TAMBANG, JAKARTA. HARGA batu bara telah menembus batas psikologis, naik melewati angka US$50 per ton. Di saat yang sama, para pengusaha minyak masih deg-degan melihat harga minyak kapan akan stabil, dan di angka yang ekonomis.
Baik harga batu bara dan minyak cenderung turun, bahkan mencapai titik terendah dalam 10 tahun terakhir. Industri kedua jenis energi itu terjebak dalam situasi kelebihan pasokan. Kini harga pelan-pelan membaik akibat produksi berkurang. Namun, sejak Juni lalu, harga minyak dan batu bara nasibnya berbeda.
Sejak 1 Juni, harga batu bara di Rotterdam yang diukur dengan indeks API2 untuk perdagangan ke depan naik lebih dari 20% menjadi US$60 per ton. Ini angka tertinggi dalam satu tahun. Sementara harga batu bara Asia dengan patokan indeks API4 naik 15,6% menjadi $62,60.
Koran India, The Economic Times kemarin sore memberitakan, di saat yang sama harga minyak Brent untuk penyerahan ke depan malah turun 15% menjadi di bawah $45 per barel. Situasi ini sama dengan keadaan di lapangan.
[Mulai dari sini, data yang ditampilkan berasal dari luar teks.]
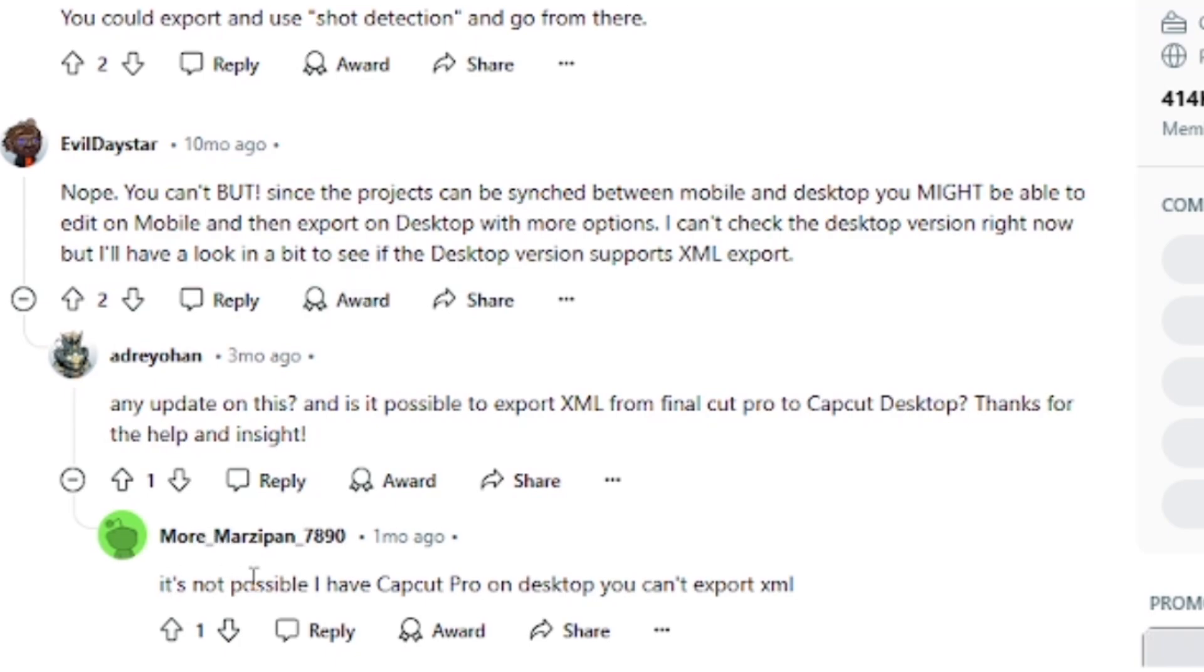As you can see, I found these answers on Reddit. It says it's not possible. I have CapCut Pro on desktop. You can't export XML.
Para pemain utama, seperti Saudi Arabia, menawarkan minyak dengan harga diskon, sementara harga batu bara malah dinaikkan.
Minyak saat ini masih menjadi sumber energi terbesar di dunia. Konsumen terbesar adalah Amerika Serikat, dan sektor transportasi. Adapun batu bara dibutuhkan oleh negara-negara berkembang, atau negara industri baru.
Kenaikan harga batu bara yang terjadi saat ini terjadi karena adanya peningkatan kebutuhan di Cina. Sebanyak 64% kebutuhan energi di Cina dipenuhi dari batu bara. Sementara di India, angka itu 45%.
Tampak bahwa terjadinya kenaikan produksi di Cina dan India, demikian pula bila terjadi pengurangan, akan berdampak besar terhadap harga batu bara internasional.
Di bidang perminyakan, juga ada pengurangan produksi, namun lebih karena kecelakaan, bukan sesuatu yang direncanakan. Misalnya karena adanya sabotase di Nigeria, kebakaran di Kanada. Diperkirakan produksi Nigeria dan Kanada tak lama lagi pulih.
‘’Harga minyak Brent turun sejak awal Juni, karena adanya kebakaran yang menimpa beberapa sumur produksi di Kanada. ‘’Produksi di Nigeria juga akan segera membaik,’’ tulis lembaga keuangan Barclays kepada para kliennya.
Di sisi lain, penambang batu bara di Colombia dan Indonesia, dihadapkan pada beberapa pilihan pahit, memangkas produksi, menutup tambang, atau bangkrut. Hanya pemilik tambang skala besar yang masih bertahan.
‘’Pasokan masih menjadi penentu utama turun naiknya harga komoditi,’’ kata Georgi Slavov, broker komoditi perusahaan pialang Marex Spectron.